■ Problem requirements
Repeat all the lines below exactly, but omit the pictures.

■ Input material

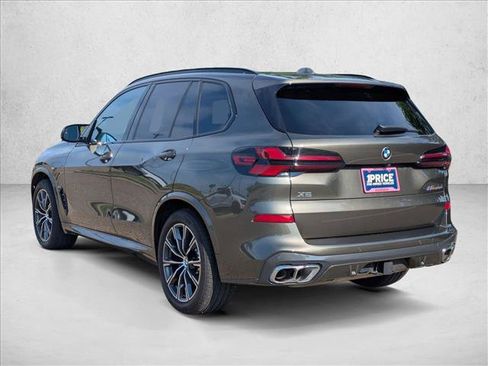 Used 2024 BMW X5 M60i AWD/4WD image 8
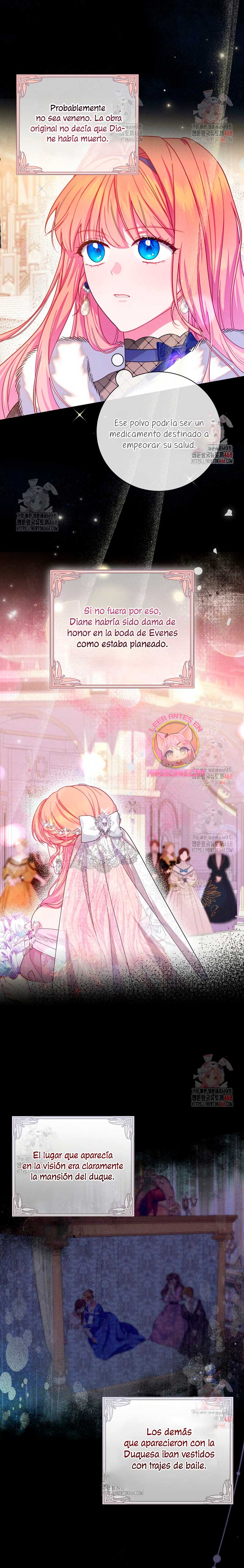 Cómo sobrevivir como una villana justo antes de morir Capítulo 5 - Page 7
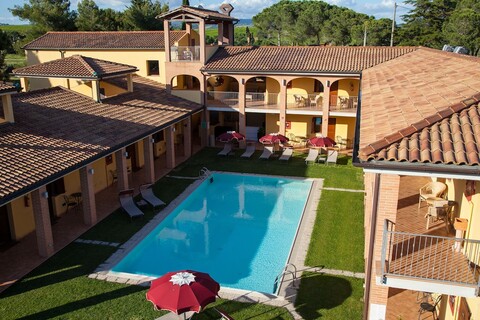 호텔 르 케르촐라이에 데이 리찌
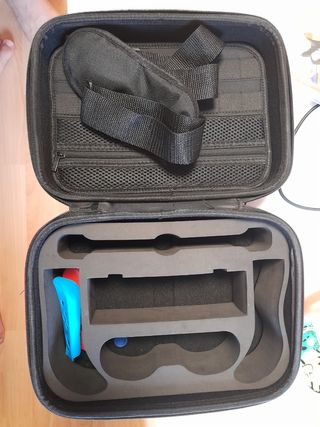 NINTENDO SWITCH ACCESORIOS 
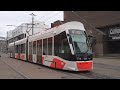 Estonia Tallinn Tram 4 Ride From Paberi To Sikupilli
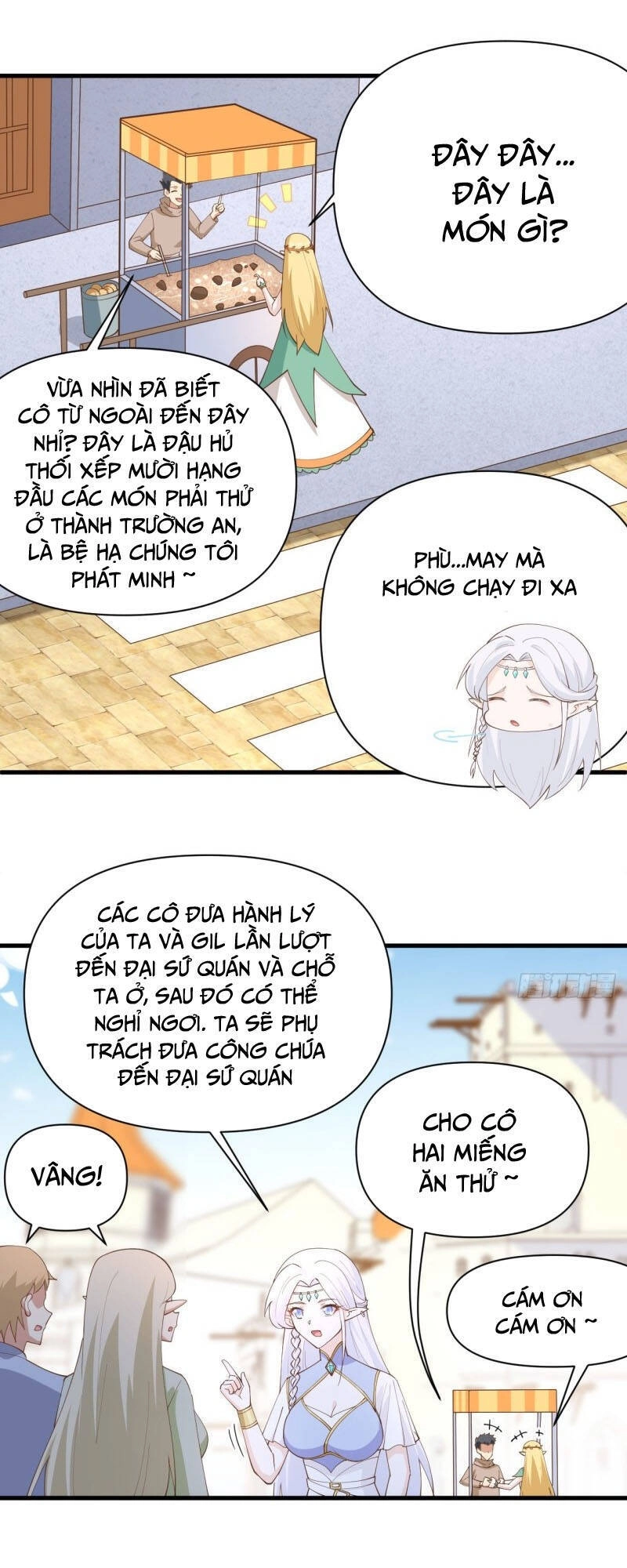 Từ Hôm Nay Bắt Đầu Làm Thành Chủ Chapter 319 - 6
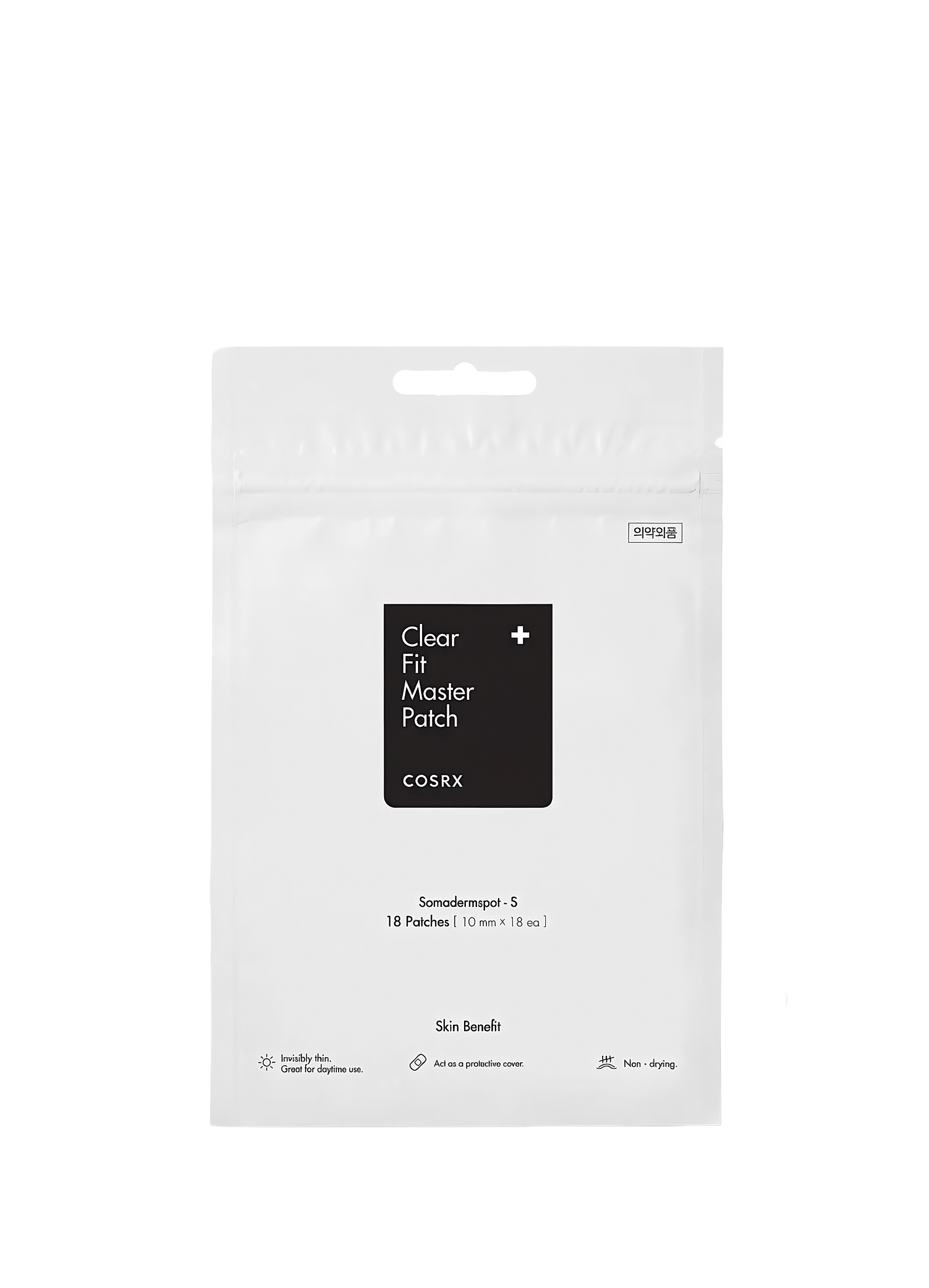 Cosrx - Clear Fit Master Patch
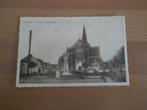 kasterlee casterlé de kerk met voorplein, Verzamelen, Postkaarten | België, Ophalen of Verzenden, Ongelopen, Antwerpen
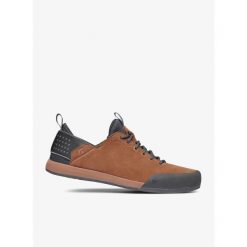 Buty outdoor męskie Black Diamond Session Suede. Brązowe buty sportowe męskie Black Diamond, bez zapięcia, outdoorowe. Za 492.99 zł.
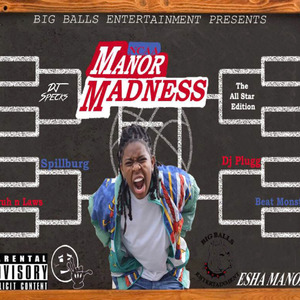 Party (Feat. Zater Mann)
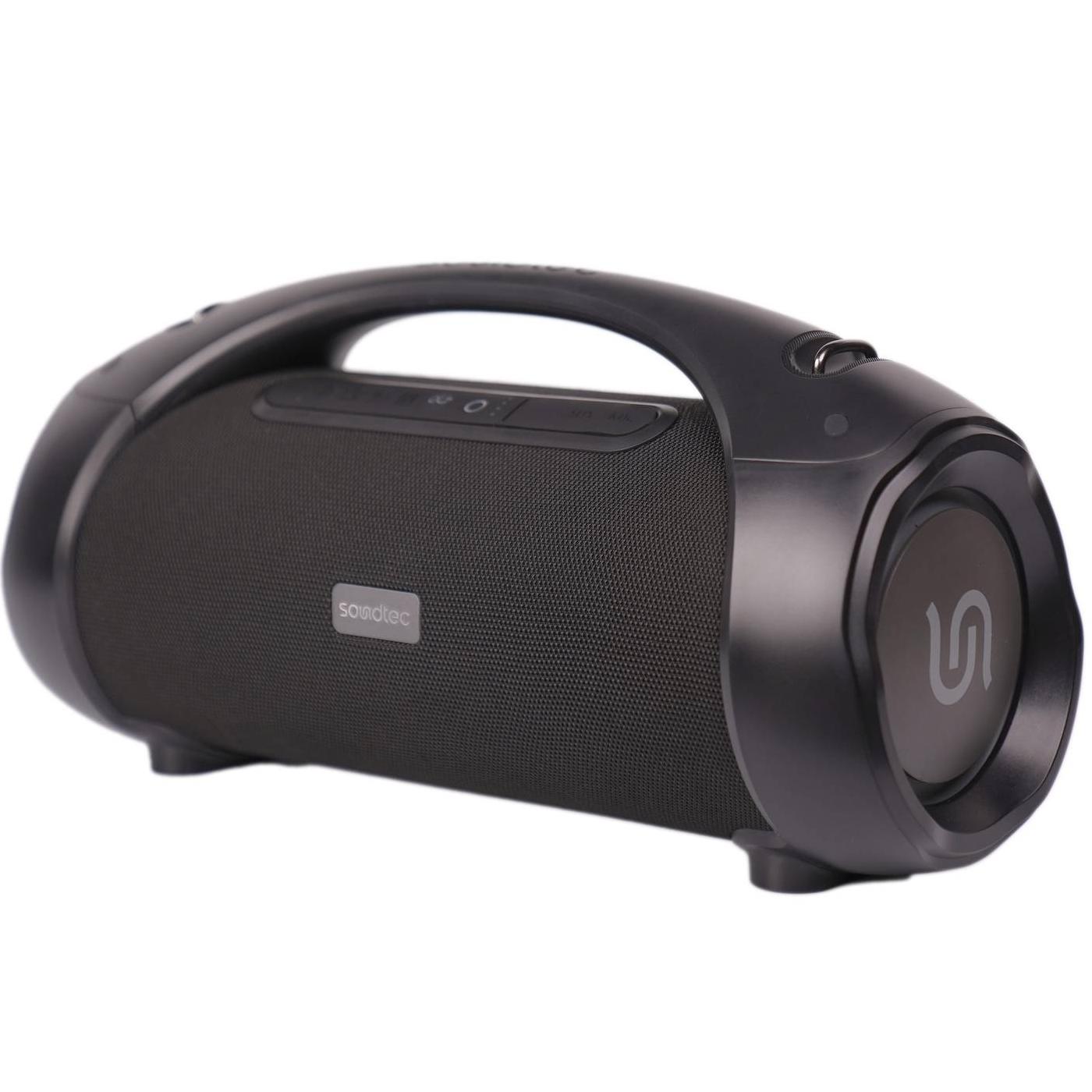 Porodo-Soundtec Trill Speaker-black-1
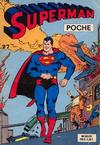 Cover for Superman Poche (Sage - Sagédition, 1976 series) #27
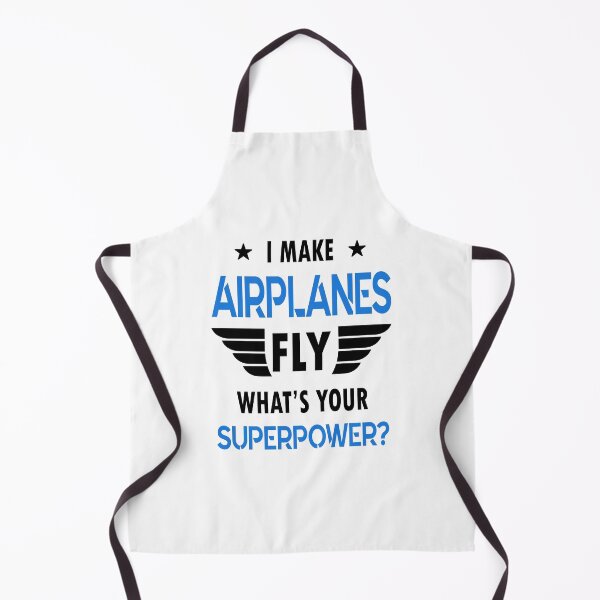 Item preview, Pilot - I Make Airplanes Fly What's Your Superpower designed and sold by UnknownArtistt.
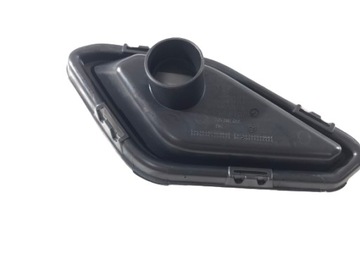 Kratka zaślepka zderzaka prawa SEAT ATECA 5758076829B9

■ Output
 Used 2024 BMW X5 M60i AWD/4WD image 8
 Cómo sobrevivir como una villana justo antes de morir Capítulo 5 - Page 7
 호텔 르 케르촐라이에 데이 리찌
 NINTENDO SWITCH ACCESORIOS 
 Estonia Tallinn Tram 4 Ride From Paberi To Sikupilli
 Từ Hôm Nay Bắt Đầu Làm Thành Chủ Chapter 319 - 6
 Cosrx - Clear Fit Master Patch
 kasterlee casterlé de kerk met voorplein, Verzamelen, Postkaarten | België, Ophalen of Verzenden, Ongelopen, Antwerpen
 Buty outdoor męskie Black Diamond Session Suede. Brązowe buty sportowe męskie Black Diamond, bez zapięcia, outdoorowe. Za 492.99 zł.
 Party (Feat. Zater Mann)
 Porodo-Soundtec Trill Speaker-black-1
 Cover for Superman Poche (Sage - Sagédition, 1976 series) #27
 Item preview, Pilot - I Make Airplanes Fly What's Your Superpower designed and sold by UnknownArtistt.
 Kratka zaślepka zderzaka prawa SEAT ATECA 5758076829B9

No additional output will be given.